You can pay money, and someone will put you in a boat and take you out in the ocean, and you can swim with dolphins. Why would someone do that? Because we’re supposed to! That’s the way it’s supposed to work. Because we were put in charge of everything.
But now Verse 2 is kind of problematic. What does “Out of the mouth of babes and nursing infants you’ve ordained strength because of your enemies that you may silence the enemy and the avenger” have to do with man being a little lower than the angels and being placed over all creation? What’s that have to do with that? Who’s the baby? Who’s the nursing infant here? Man. Why is man a nursing infant? If you have a nursing infant, what do you know about that child? Helpless. Ignorant. Dependant. Hungry. What do you know about their age? They haven’t been around very long, right?
How long have the angels been around? Long time. We don’t know when, but a long time. And suddenly these newcomers show up that are lower than them. Crying. Struggling. Their umbilical cord snapped off.
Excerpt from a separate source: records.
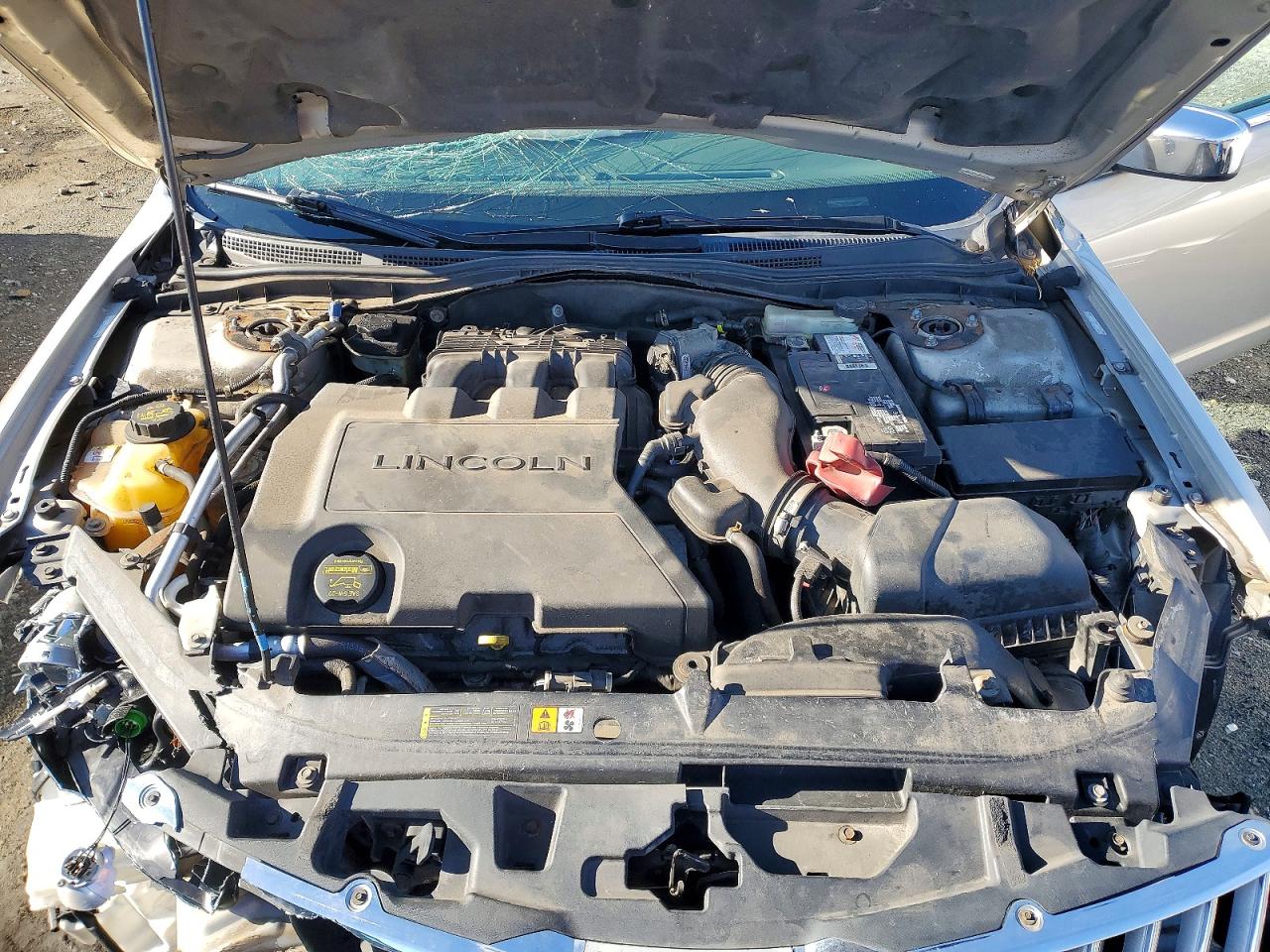 2010 LINCOLN MKZ photo 21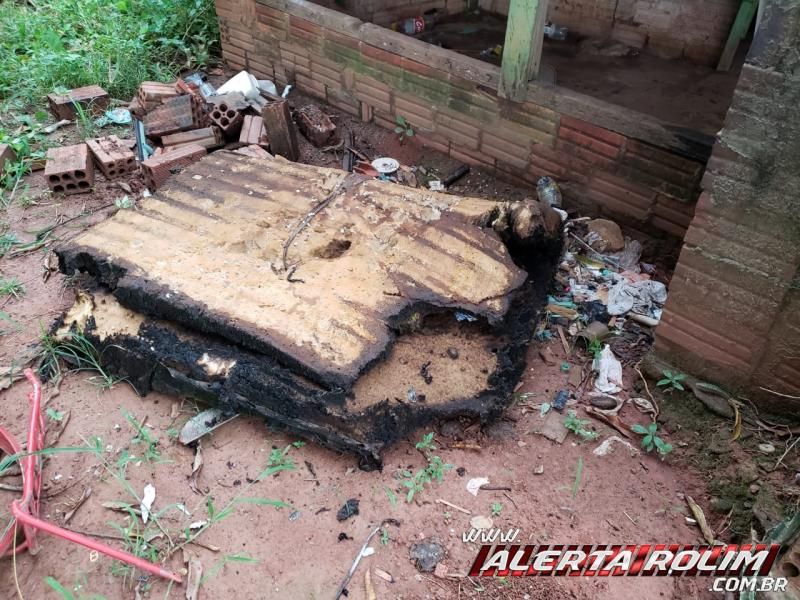 Rolim de Moura – Casa abandonada, que vinha sendo frequentada por usuários de drogas, é incendiada na tarde deste domingo – Vídeo Rolim de Moura – Casa abandonada, que vinha sendo frequentada por usuários de drogas, é incendiada na tarde deste domingo – Vídeo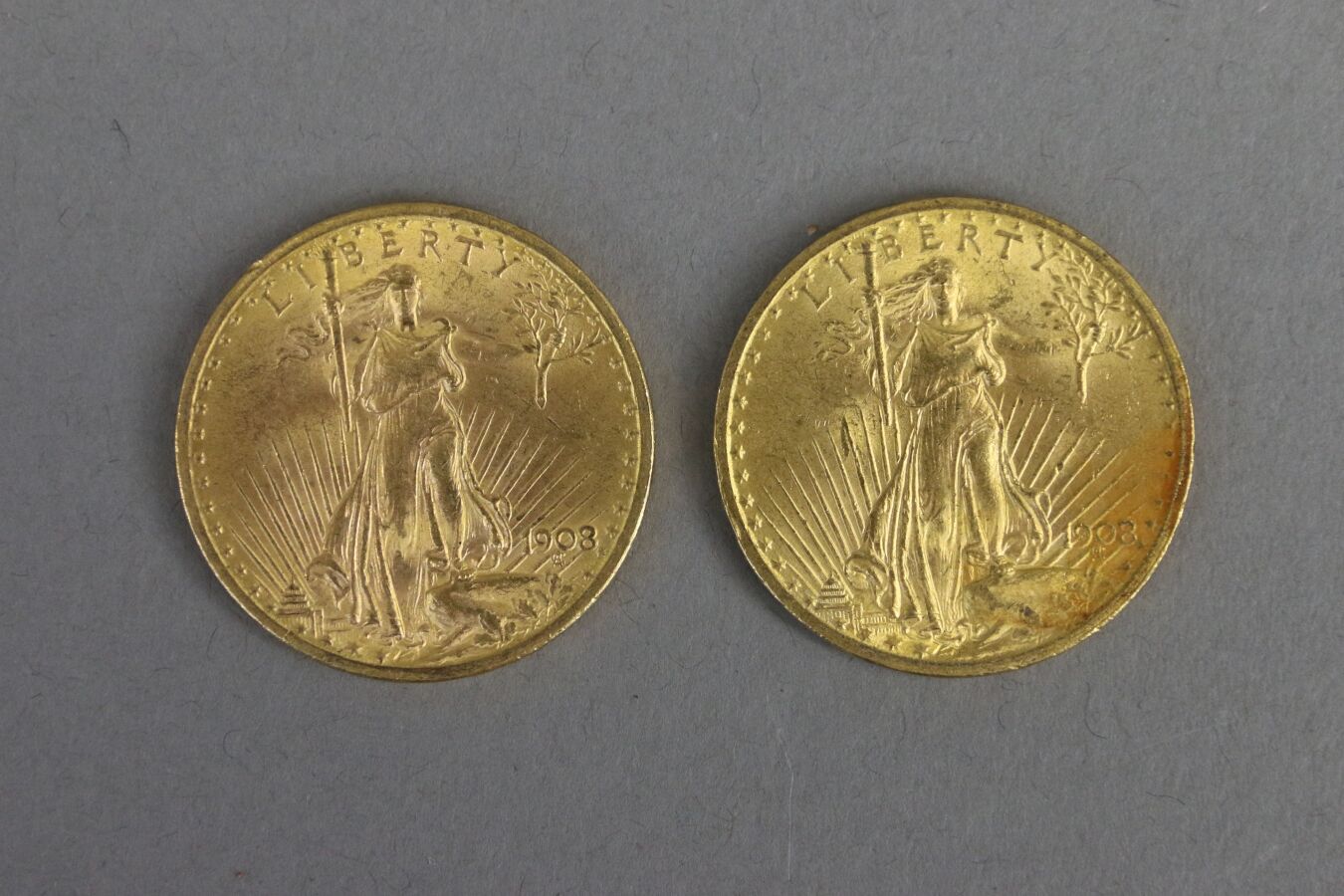 Null 美国

两个20美元的 "自由 "金币，1908年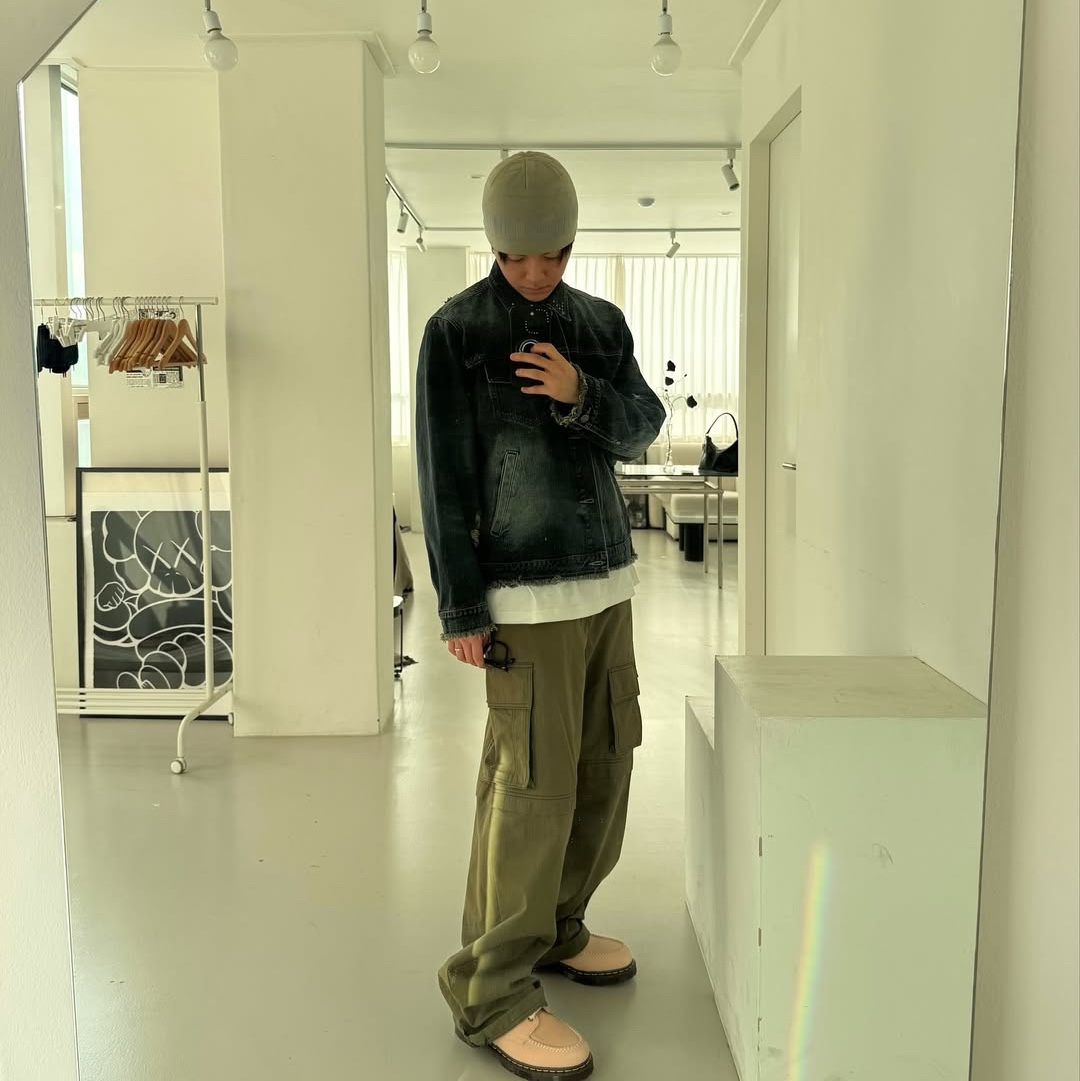 Mea Damaged Stud Denim Jacket Indigo 착용 스타일 - 1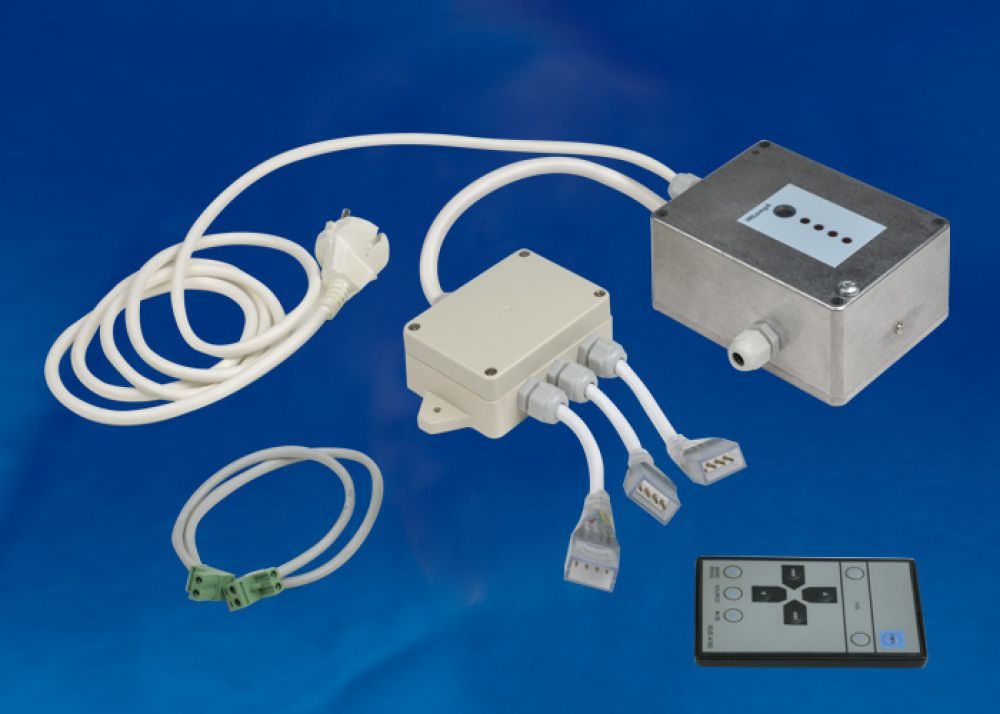 ULC-N10-RGB SILVER Контроллер для управления светодиодными RGB ULS-5050 лентами 220В, с пультом ДУ. ТМ Uniel.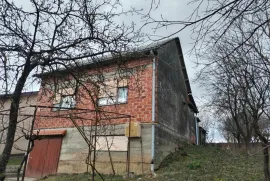 Kuća s potencijalom u Križevcima, Križevci, Casa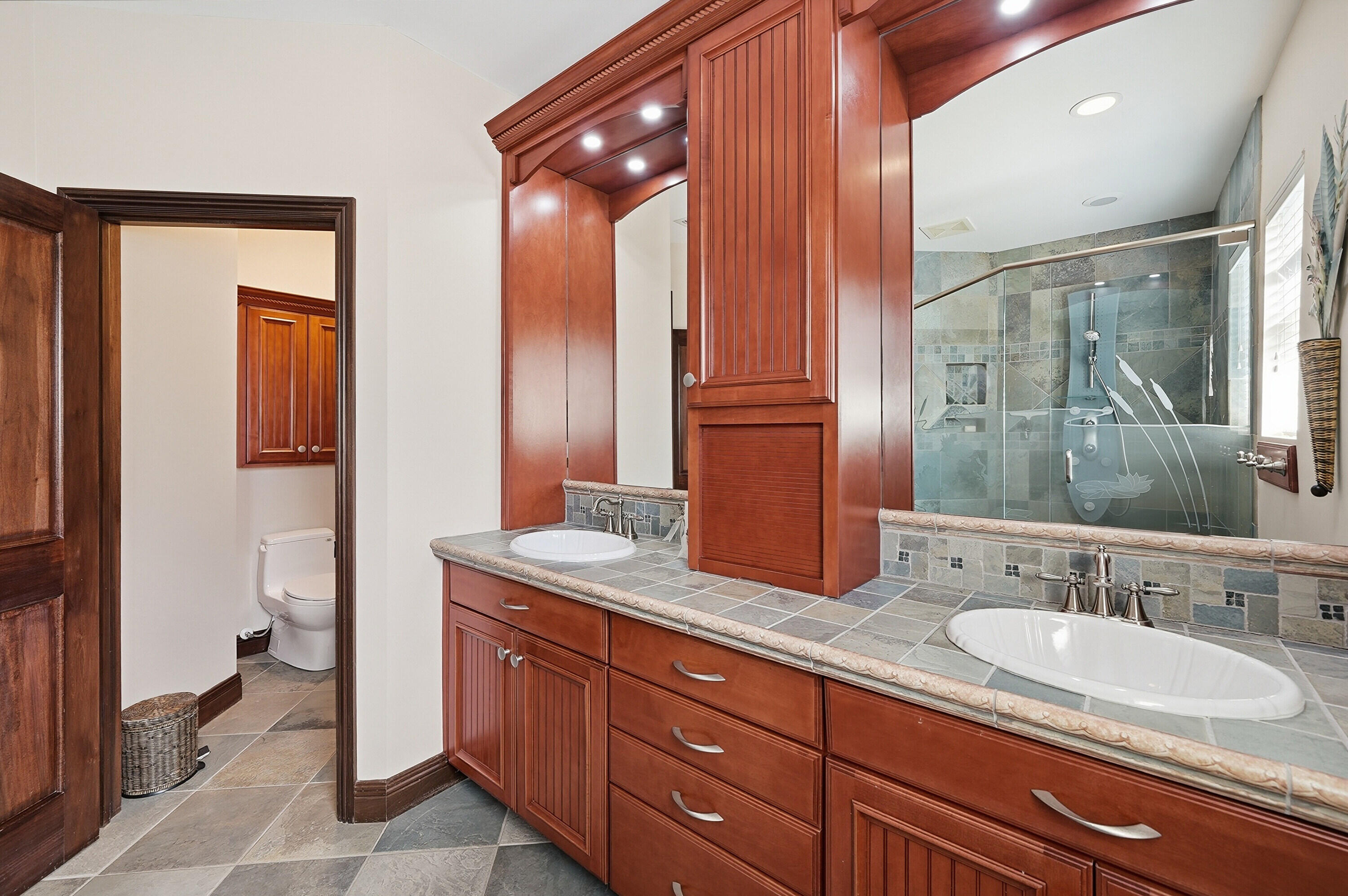 DAVIS ISLES - Residential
And Jesus says I’m going to have those guys rule everything.
And why did he do that? Why did he put the newcomers in charge? What’s it say? “To silence the enemy.”
Who’s the enemy? Satan. What class does he come from? The angels. So you start to get it?
Was he in charge, Lucifer? He was! He was in charge of the whole universe, as best we understand. And what did he say? That’s not good enough. I don’t want to be a sub-regent under the Father. I want to be the Great King myself.
And because of that, he was set aside. And yet, he’s the ruler of world still today. We know that from the New Testament. “The ruler of this world has come.”
So here you’ve got it. This is the grand drama of all humanity. This is the Shakespearian tragedy that we’re all a part of.
Lucifer was the head guy. He was the sub-regent under the Great King. Tried to knock off the Great King. Did not succeed. So, in order to demonstrate and silence the accusations and the claim of this regent, God has appointed some babies to overthrow him.
And how do we do that? Something about “out of our mouths.” When the Old Testament talks about your mouth, it presumes action is part of it.
So our lives are to demonstrate this.